Удивительно: Господь каждого нового члена приводил в общину в нужное время. Подняли вопрос и о том, что нам пора расширяться – когда все собирались вместе, становилось тесновато. По благословению епископа мы отделили алтарное помещение, подобрали убранство, провели газовое отопление. И вот спустя 90 лет забвения на нашей земле снова была совершена литургия по древним канонам. После этого знакового момента ещё активнее начали подтягиваться люди. В других областях духовные отцы о нас уже знали и передавали им информацию. У тех, кому требовалось, появилась возможность довершаться. Вслед за нами довершилась наша дочь, а потом мать и сестра жены.

В 2018 году возвели купол, и после совершения чина освящения (прежде был освящён только алтарь) мы смогли с полным правом говорить об этом месте как о храме. Но своего священника в Тюмени нет до сих пор. Одно время к нам приезжал отец Павел Романюк, иногда здесь бывает отец Пётр Шилигин, который впервые посетил Тюмень ещё в бытность чтецом. Сейчас, по решению совета епархии, приход окормляет уроженец Новосибирска отец Иоанн Устинов, настоятель в храме села Пристань Свердловской области. Прихожане его очень уважают, и всякий раз, когда он приезжает в наш город, идут к нему за советом, за живым словом. Непременно после службы все садятся за стол: совместная трапеза – издревле неотъемлемая часть христианской жизни. Ведь что она такое? Милостыня. Это Господь нас кормит руками подающего. Заметьте, что интересно: нужно произносить это слово с ударением на второй слог. Именно в таком звучании оно обозначает «стол». А если сказать «трапеза» с ударением на первый слог, в переводе с греческого это будет «банк». Кстати, у нас нередко бывают и гости, например те, кто живёт в других регионах недалеко от границы с Тюменской областью. Их обязательно нужно собрать в дорогу и накормить перед тем, как они отправятся в путь.

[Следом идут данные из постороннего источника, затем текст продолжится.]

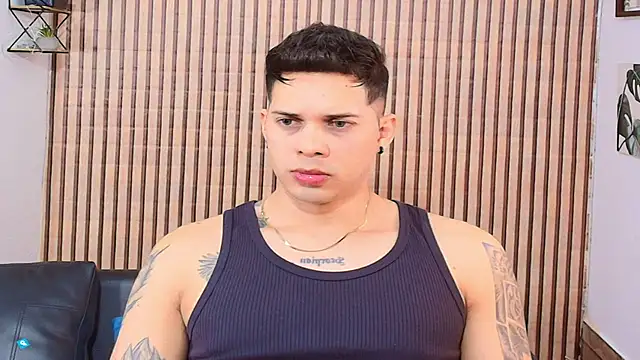 Snapshot of johan_speitzer chatting on March 2026 12:27:02 AM johan speitzer online show from March 2026 12:27:02 AM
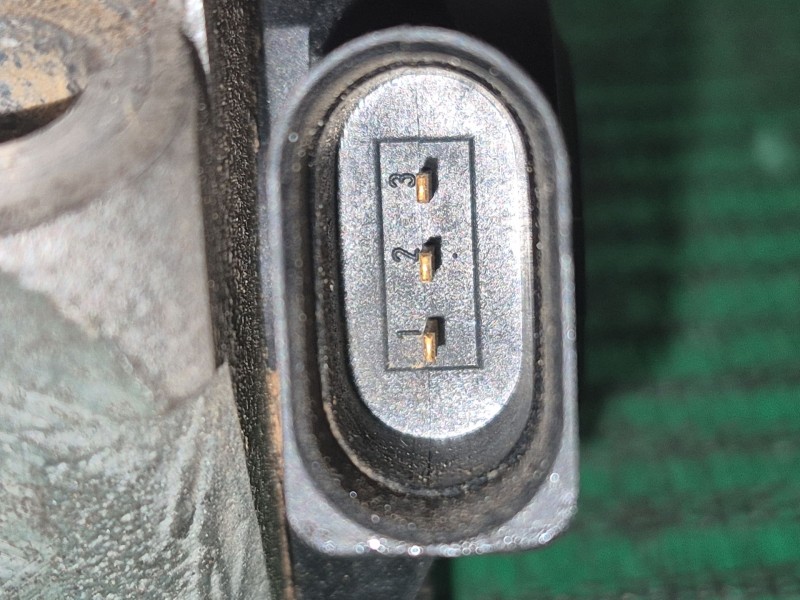 Recambio de colector admision para volkswagen golf plus (521) referencia OEM IAM 03C133204AA 03C133204AA 03C133204AA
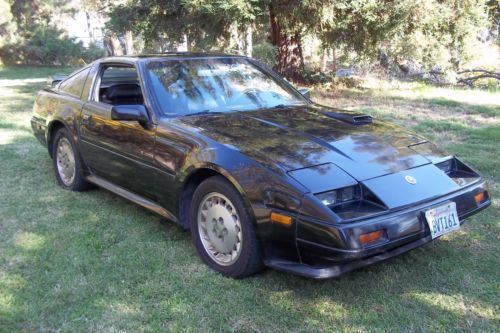 1984 nissan 300 zx 50th aniversary turbo t top  nice condition loaded w/ options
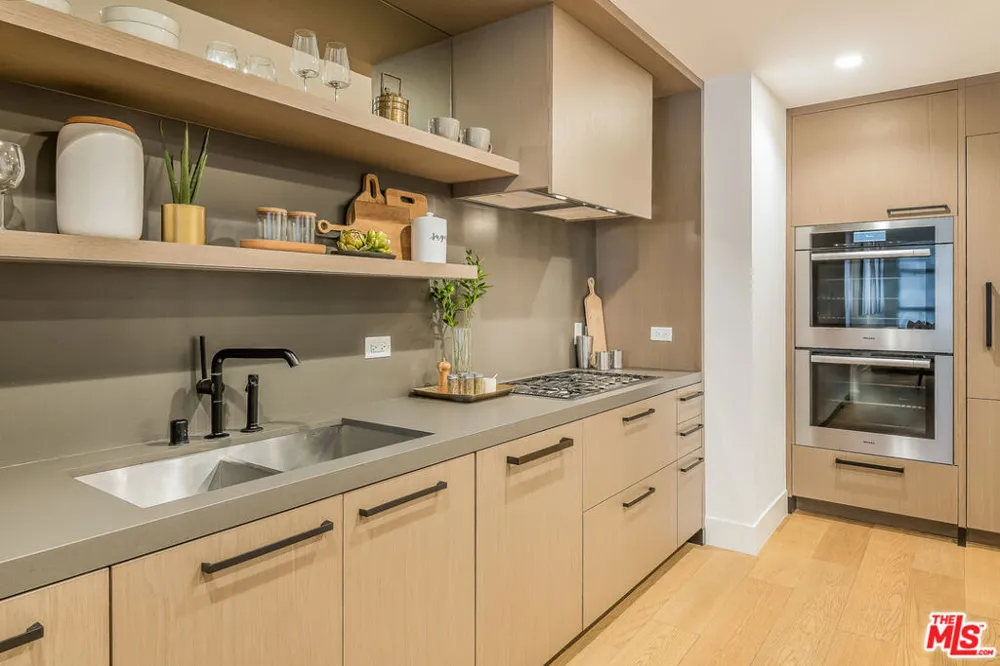 10777 Wilshire Boulevard #404 Los Angeles, CA 90024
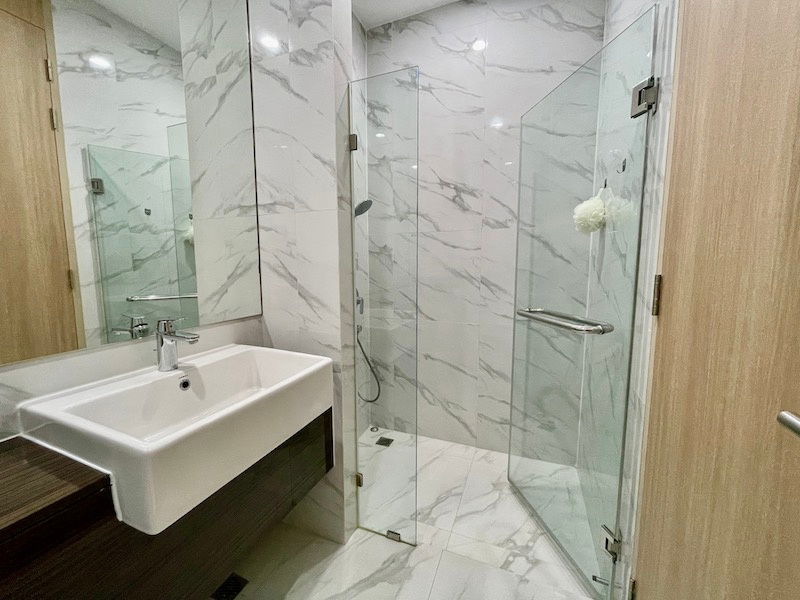 รูป ขายขาดทุน คอนโด Noble BE19 Sukhumvit ซ.สุขุมวิท 19  ห้องมุม ตกแต่งใหม่ล้านกว่าบาท พร้อมอยู่ ทำเลดีมาก ใจกลางสุขุมวิท - รูปที่ 10/16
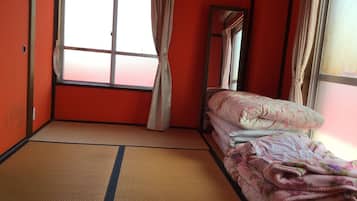 Japanese Style Room for 3 People | Free WiFi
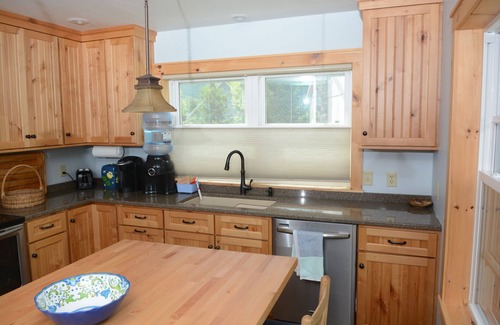 Rushville House | Lakehouse with spectacular views on Canandaigua!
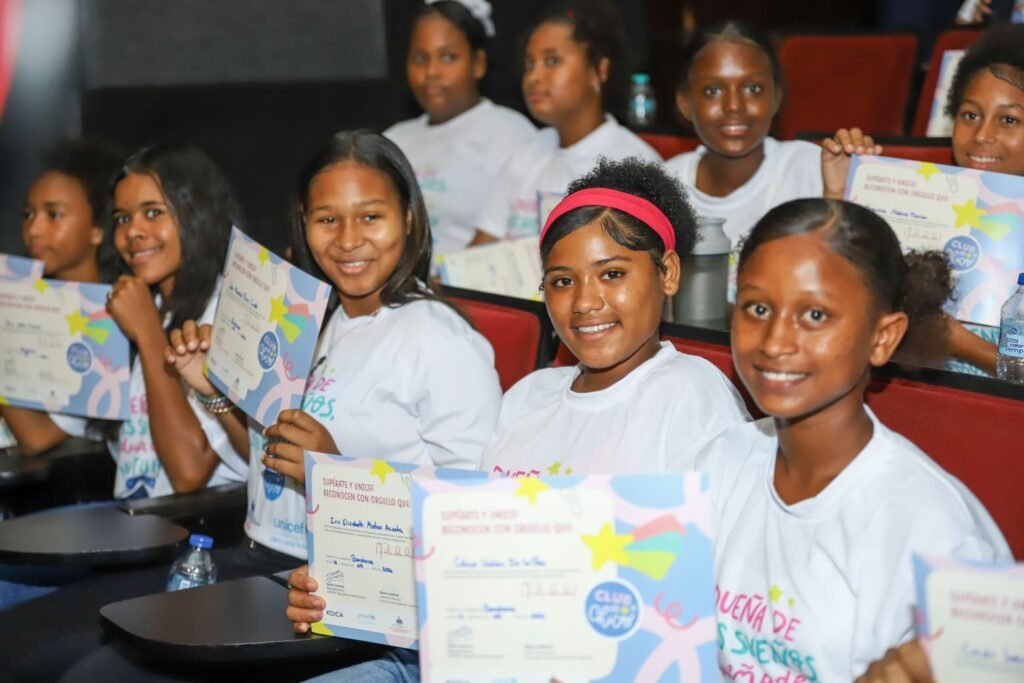 Supérate gradúa a 179 adolescentes de los Clubes de Chicas en Barahona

Да, сегодня нам приходится постигать заново то, что было утеряно из-за отсутствия храмов, – наши древние православные традиции. Хотя многие из них всегда оставались с нами. Прежде всего, обязательность помощи и совета. Если человеку нужна поддержка – физическая, материальная, духовная – и ты можешь её оказать, то отказывать нельзя. И верность слову: не в состоянии его сдержать – не обещай. А раз уж даёшь – тогда держи, чего бы это ни стоило. И, конечно, все мы мечтаем о настоящем храме, надеемся, что вопрос однажды решится. И о своём местном священнике. Ведь правильно говорит отец Пётр: священник не должен отрываться от храма, поскольку там его сердце.